↓↓↓
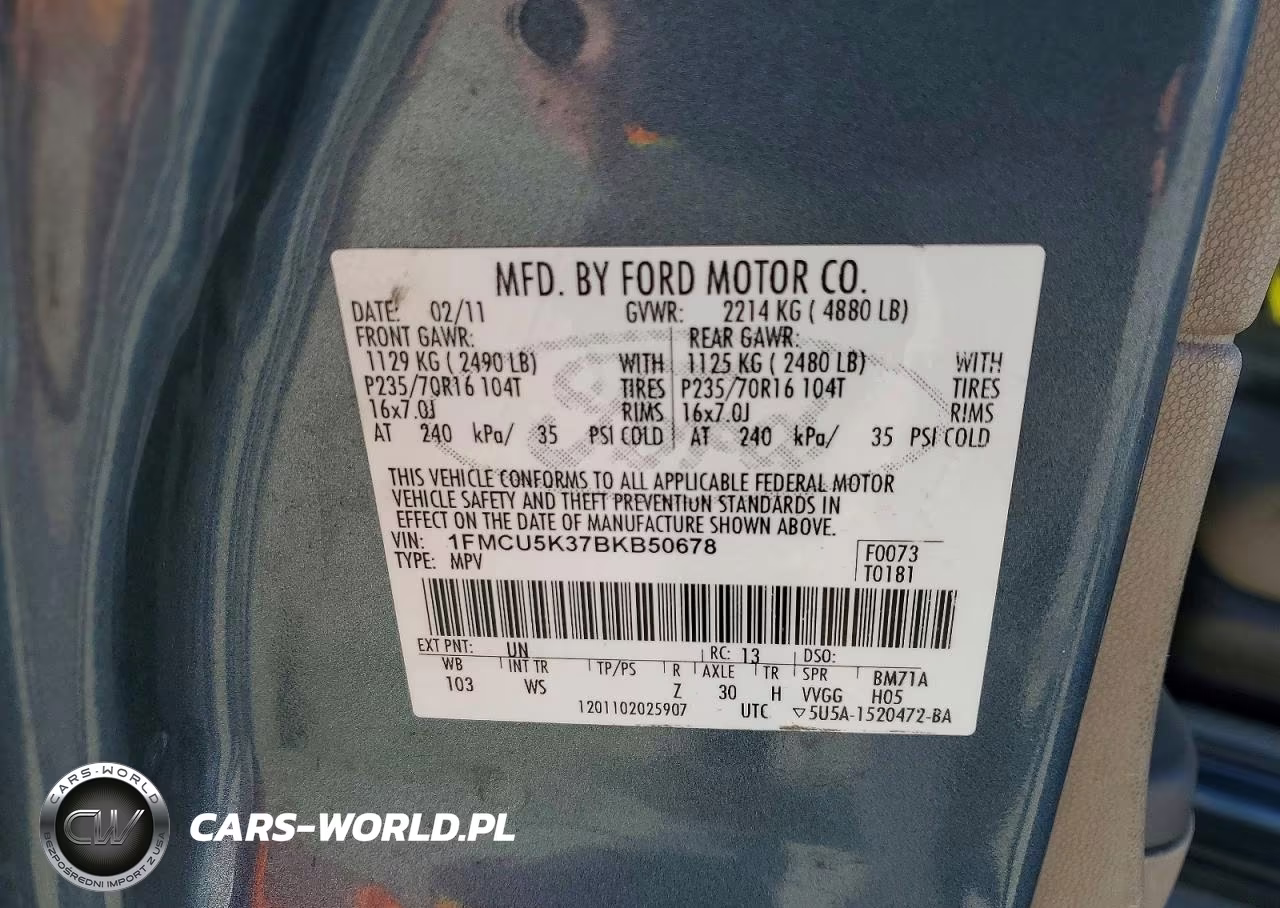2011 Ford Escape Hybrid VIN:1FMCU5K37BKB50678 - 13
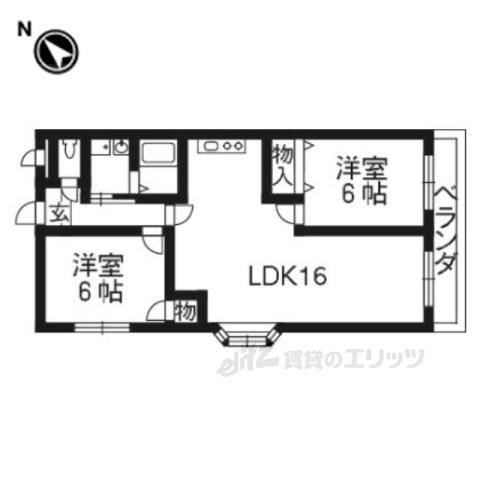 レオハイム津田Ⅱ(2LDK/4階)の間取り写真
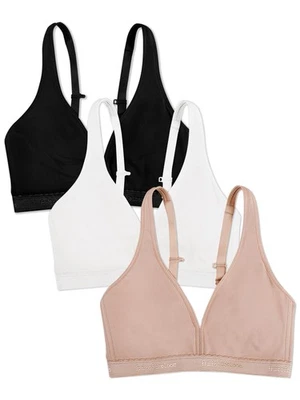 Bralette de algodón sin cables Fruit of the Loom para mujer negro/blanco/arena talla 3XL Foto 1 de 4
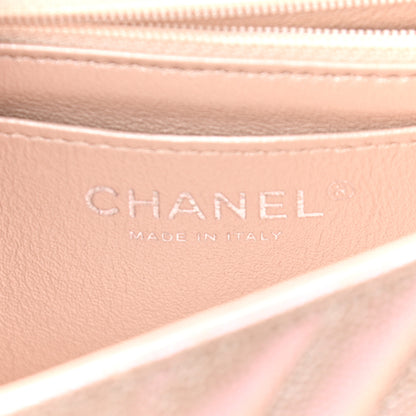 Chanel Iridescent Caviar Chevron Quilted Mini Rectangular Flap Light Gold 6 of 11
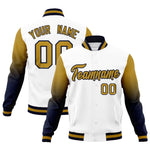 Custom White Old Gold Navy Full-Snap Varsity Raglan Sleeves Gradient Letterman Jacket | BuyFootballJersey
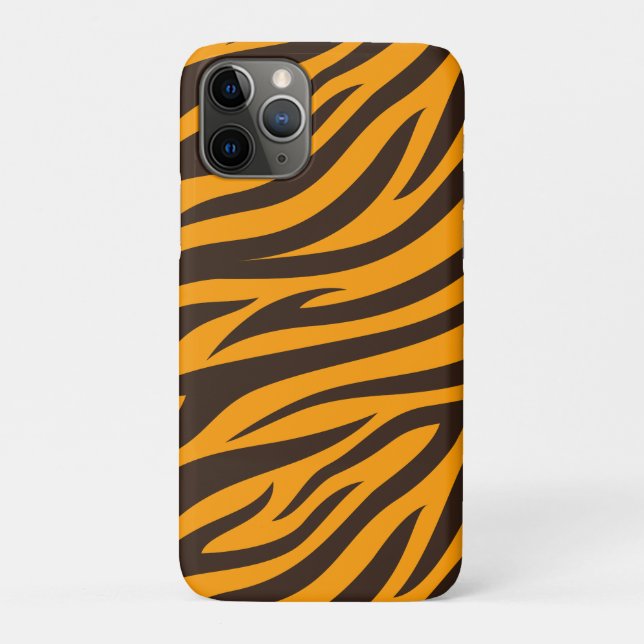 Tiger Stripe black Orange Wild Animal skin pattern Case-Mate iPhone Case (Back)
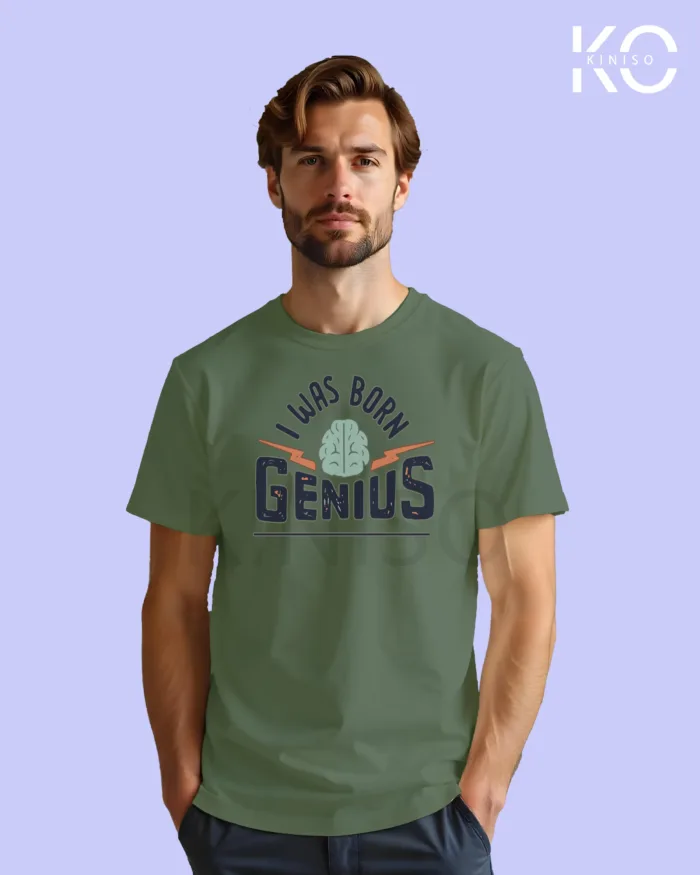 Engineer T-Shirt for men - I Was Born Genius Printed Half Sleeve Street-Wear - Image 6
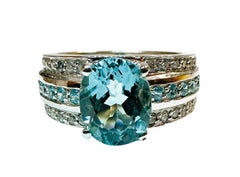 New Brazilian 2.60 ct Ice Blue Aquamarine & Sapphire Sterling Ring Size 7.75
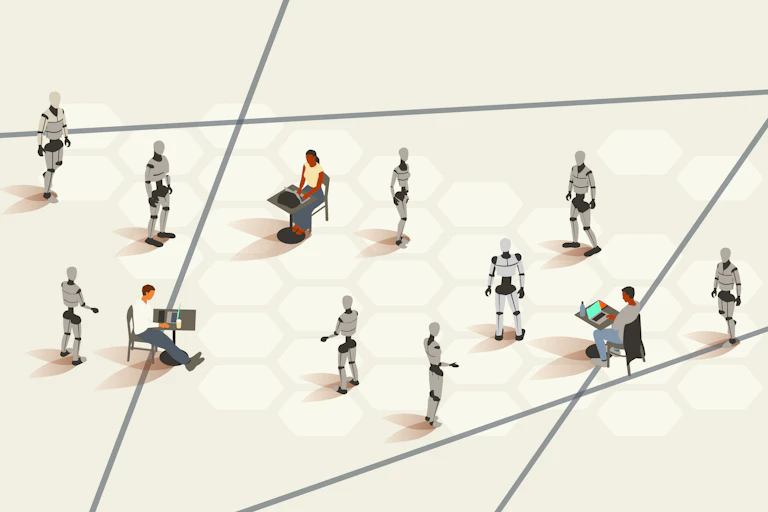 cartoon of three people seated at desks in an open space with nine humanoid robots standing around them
↑↑↑
Only the lines from the one with "Chanel Iridescent Caviar" through the end of the listing above should be output, exactly as written and with no pictures.

▸ Expected answer:
 Chanel Iridescent Caviar Chevron Quilted Mini Rectangular Flap Light Gold 6 of 11
 Custom White Old Gold Navy Full-Snap Varsity Raglan Sleeves Gradient Letterman Jacket | BuyFootballJersey
 Tiger Stripe black Orange Wild Animal skin pattern Case-Mate iPhone Case (Back)
 Engineer T-Shirt for men - I Was Born Genius Printed Half Sleeve Street-Wear - Image 6
 New Brazilian 2.60 ct Ice Blue Aquamarine & Sapphire Sterling Ring Size 7.75
 cartoon of three people seated at desks in an open space with nine humanoid robots standing around them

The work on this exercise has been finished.